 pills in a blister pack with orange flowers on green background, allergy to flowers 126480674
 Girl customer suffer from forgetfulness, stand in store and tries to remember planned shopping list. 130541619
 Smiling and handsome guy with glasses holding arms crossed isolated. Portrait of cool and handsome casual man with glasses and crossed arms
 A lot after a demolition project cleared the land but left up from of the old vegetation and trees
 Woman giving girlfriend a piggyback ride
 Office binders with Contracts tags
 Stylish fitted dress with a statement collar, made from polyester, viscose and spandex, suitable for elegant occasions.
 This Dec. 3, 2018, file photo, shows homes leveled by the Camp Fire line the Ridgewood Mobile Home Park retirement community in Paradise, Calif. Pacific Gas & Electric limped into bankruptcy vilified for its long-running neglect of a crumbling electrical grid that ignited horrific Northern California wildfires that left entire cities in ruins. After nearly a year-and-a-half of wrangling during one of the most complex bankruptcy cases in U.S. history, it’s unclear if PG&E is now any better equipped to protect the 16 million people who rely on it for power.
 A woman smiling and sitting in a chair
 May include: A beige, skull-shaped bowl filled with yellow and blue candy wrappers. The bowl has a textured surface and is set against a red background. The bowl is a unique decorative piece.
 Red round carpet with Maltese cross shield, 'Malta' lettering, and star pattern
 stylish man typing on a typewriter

=====

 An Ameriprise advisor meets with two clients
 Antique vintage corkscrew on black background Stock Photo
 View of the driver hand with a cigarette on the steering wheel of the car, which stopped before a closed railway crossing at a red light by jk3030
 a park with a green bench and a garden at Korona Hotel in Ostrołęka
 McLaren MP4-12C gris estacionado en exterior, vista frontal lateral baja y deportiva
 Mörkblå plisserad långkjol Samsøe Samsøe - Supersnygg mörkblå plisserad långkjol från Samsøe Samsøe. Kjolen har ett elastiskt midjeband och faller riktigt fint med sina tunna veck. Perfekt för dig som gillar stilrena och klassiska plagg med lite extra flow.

=====

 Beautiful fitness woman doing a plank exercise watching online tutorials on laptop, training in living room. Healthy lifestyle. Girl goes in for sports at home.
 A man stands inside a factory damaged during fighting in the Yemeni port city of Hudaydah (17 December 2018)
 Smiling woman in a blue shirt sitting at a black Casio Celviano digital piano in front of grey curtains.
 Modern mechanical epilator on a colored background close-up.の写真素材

=====

Could you restate word for word the lines above from the one containing "Smiling and handsome" through the one containing "Office binders with Contracts tags", both included, and nothing else?

 Smiling and handsome guy with glasses holding arms crossed isolated. Portrait of cool and handsome casual man with glasses and crossed arms
 A lot after a demolition project cleared the land but left up from of the old vegetation and trees
 Woman giving girlfriend a piggyback ride
 Office binders with Contracts tags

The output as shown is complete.